General Strategy: Debugging Application Deployment on DC/OS
Now that we have defined a set of tools for debugging applications on DC/OS, let us consider a step-by-step general troubleshooting strategy for actually implementing pir available tools in an application debugging scenario. Once we have gone over this general strategy, we will consider a few concrete scenarios of how to apply this strategy in the practice section.
Beyond considering any information special to your scenario, a reasonable approach to debugging an application deployment issue is to apply our debugging tools in the following order:
- 1: Check GUIs
- 2: Check Task Logs
- 3: Check Scheduler Logs
- 4: Check Agent Logs
- 5: Test Task Interactively
- 6: Check Master Logs
- 7: Ask Community
Step 1: Check the GUIs
Step 2: Check the Task Logs
If the GUIs cannot provide sufficient information, next check the task logs using the DC/OS GUI or the CLI. This provides a better understanding of what might have happened to the application. If the issue is related to our app not deploying (for example, the task status continues to wait indefinitely), try looking at the ‘Debug’ page. It could be helpful in understanding the resources being offered by Mesos.
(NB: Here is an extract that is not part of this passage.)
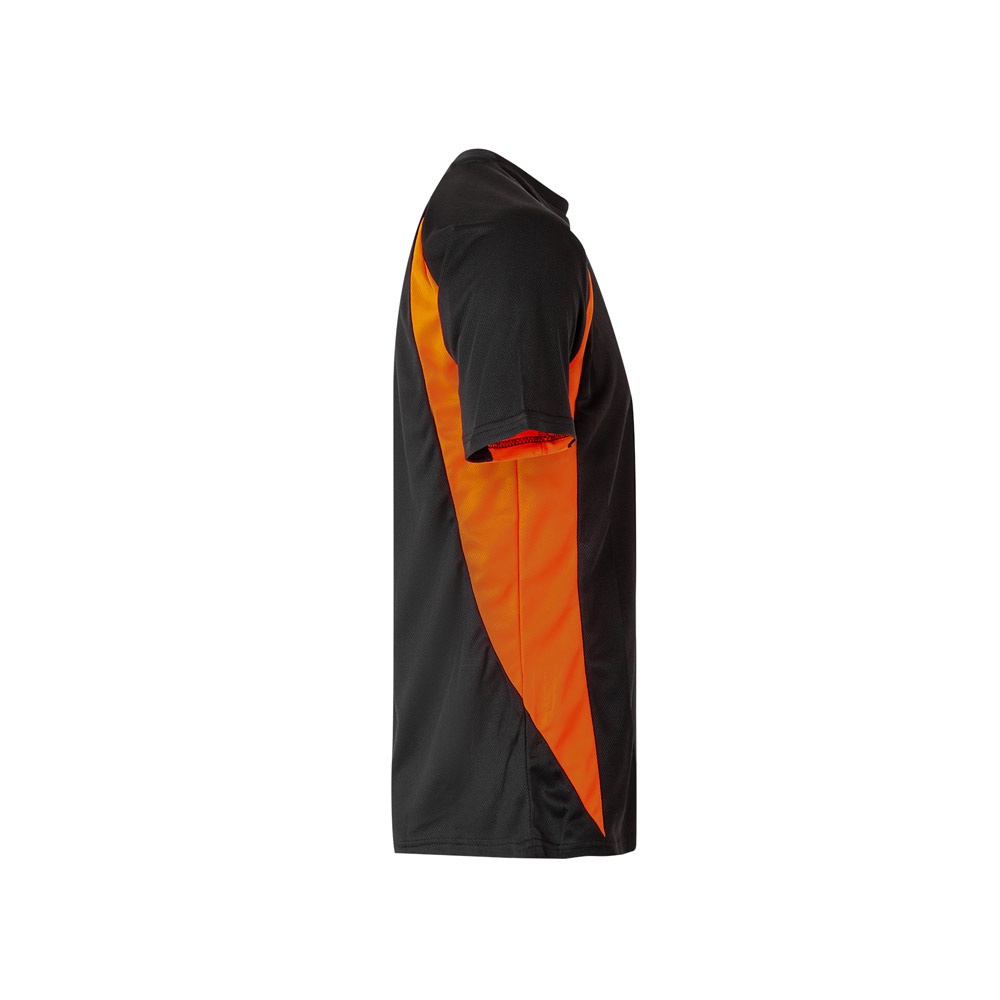 VL SLAYER. Camiseta técnica ojo de pájaro bicolor (160g/m²), en poliéster (100%)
Step 3: Check the Scheduler Logs
Next, when there is a deployment problem and the task logs do not provide enough information to fix the issue, it can be helpful to double-check the app definition. Then, after confirming the app definition, check the Marathon log or GUI to understand how it was scheduled or why not.
Step 4: Check the Agent Logs
The Mesos Agent logs provide information regarding how the task and that task’s environment are being started. Recall that increasing the log level can be helpful in some cases to obtain more information with which to work.
Step 5: Test the Task Interactively
The next step is to interactively look at the task running inside the container. If the task is still running,
dcos task exec or
docker exec can be helpful to start an interactive debugging session. If the application is based on a Docker container image, manually starting it using
docker run followed by
docker exec can also get you started in the right direction.
Step 6: Check the Master Logs
If you want to understand why a particular scheduler has received certain resources or a particular status, then the master logs can be very helpful. Recall that the master is forwarding all status updates between the agents and scheduler, so it might even be helpful in cases where the agent node might not be reachable (for example, network partition or node failure).